= Supplied information =
————

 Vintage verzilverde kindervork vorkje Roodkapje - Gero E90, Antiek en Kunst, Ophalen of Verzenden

————

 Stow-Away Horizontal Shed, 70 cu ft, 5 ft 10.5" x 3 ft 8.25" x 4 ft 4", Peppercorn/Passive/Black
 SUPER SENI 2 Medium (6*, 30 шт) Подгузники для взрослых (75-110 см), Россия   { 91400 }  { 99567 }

————

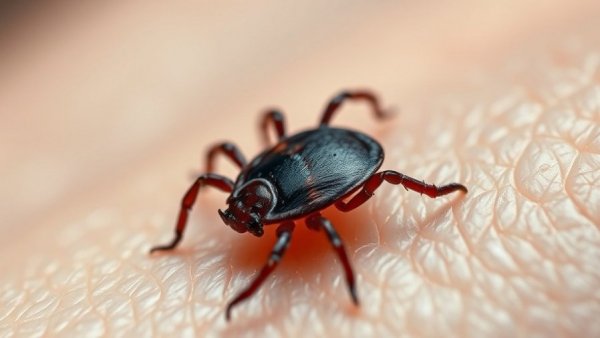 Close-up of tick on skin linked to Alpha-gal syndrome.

————

Of the entries listed above, reproduce only the lines starting at the line containing "Stow-Away Horizontal Shed, 70" and ending at the line containing "SUPER SENI 2". Include both, exactly as they stand.

= Task response =
 Stow-Away Horizontal Shed, 70 cu ft, 5 ft 10.5" x 3 ft 8.25" x 4 ft 4", Peppercorn/Passive/Black
 SUPER SENI 2 Medium (6*, 30 шт) Подгузники для взрослых (75-110 см), Россия   { 91400 }  { 99567 }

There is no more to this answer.